| In der klassischen Form der Autobiografie wurde sie seit der Antike geübt, im 20. Jahrhundert etwa von Bernward Vesper mit "Die Reise" (Hamburg 1983), Anna Wimschneider mit "Herbstmilch" (München 1985) und Ruth Klüger mit "Weiter leben: eine Jugend" (Göttingen 1992). Eine eigenwillige Form hat jüngst Horst Fleig in seinem Buch "Odyssee in die Kindheit" (Norderstedt 2006) erprobt.
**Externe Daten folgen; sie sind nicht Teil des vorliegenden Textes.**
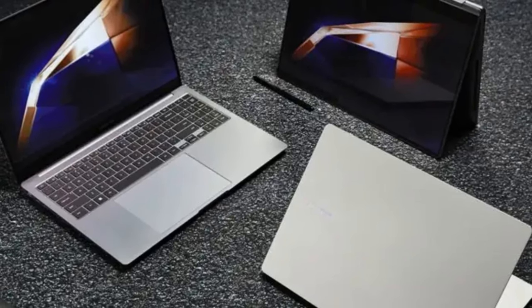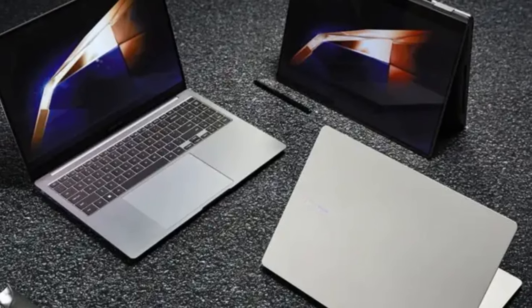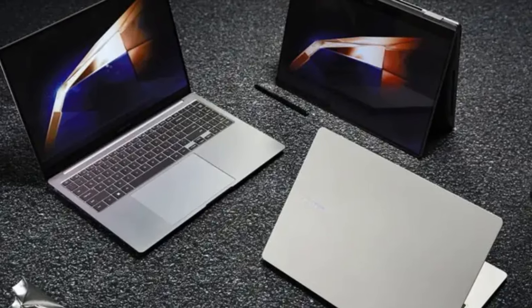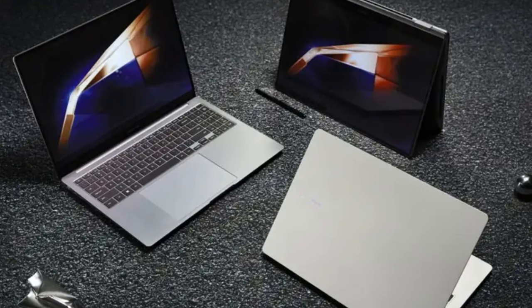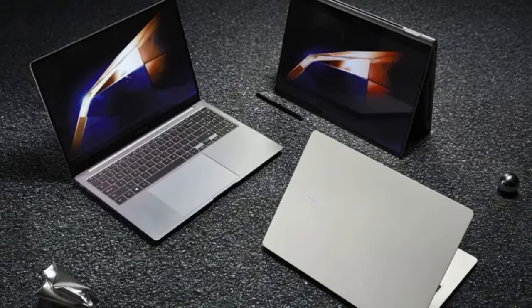The Galaxy Book 4 Edge is equipped with Qualcomm's latest Snapdragon X Elite processor, a significant departure from Samsung's typical use of Exynos chips for larger devices. It boasts a substantial 16GB of RAM, ensuring smooth multitasking and performance.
Es trägt den Untertitel "Selbstversuch zur Erinnerungsbeschreibung" und weist darin auf eine Doppelform der Erinnerungsdarbietung hin: Zum einen ist es der schriftliche Erinnerungsprozeß, der so weit wie eben möglich in der Perspektive und Sprache des (damaligen) Kindes durchgeführt wurde; und zum anderen, als Text typographisch abgesetzt, der laufende Kommentar des Erwachsenen, der dies und das aus seiner entwickelteren Perspektive zu ergänzen, zu berichtigen und zu interpretieren weiß - dies nicht zuletzt dank vieler Gespräche mit ehemaligen Weggefährten. Diese mehrjährige Erinnerungsbeschreibung gab einige seelische Konstanten bei der Erinnerungsbildung zu erkennen, die von der Psychologie wie auch von Erinnerungsvirtuosen wie Marcel Proust offenbar übersehen oder nicht recht gewürdigt wurden. Dazu gehören vor allem:
* – vor dem inneren Auge wie automatisch ablaufende Erinnerungsprozesse an bestimmte frühkindliche Lebensbereiche; sie fassen eine Serie von zeitlich auseinanderliegenden Erlebnisszenen in einer festen räumlich-visuellen Abfolge zusammen und präsentieren so einen Lebenszeitraum, der in dieser Kohärenz und Ereignisdichte nie zu erleben war, doch offenbar die Quintessenz des dort einst Erfahrenen festhält;
* – gewisse hartnäckige Phantasiebilder ("Auraphantasien" und "Alter-Ego-Figuren"), die sich im Lauf der Zeit nahezu unbemerkt um unsere Lebenszentren zu lagern pflegen, insbesondere um die wechselnden Wohnbereiche und Schulen;
* – die verdeckte und doch dominierende Rolle, die überhaupt die Phantasie über die Jahrzehnte hin für unsere weithin unbewußt verlaufende Erinnerungsbildung sowie für die Bewältigung gravierender Seelen- und Lebenskonflikte spielt.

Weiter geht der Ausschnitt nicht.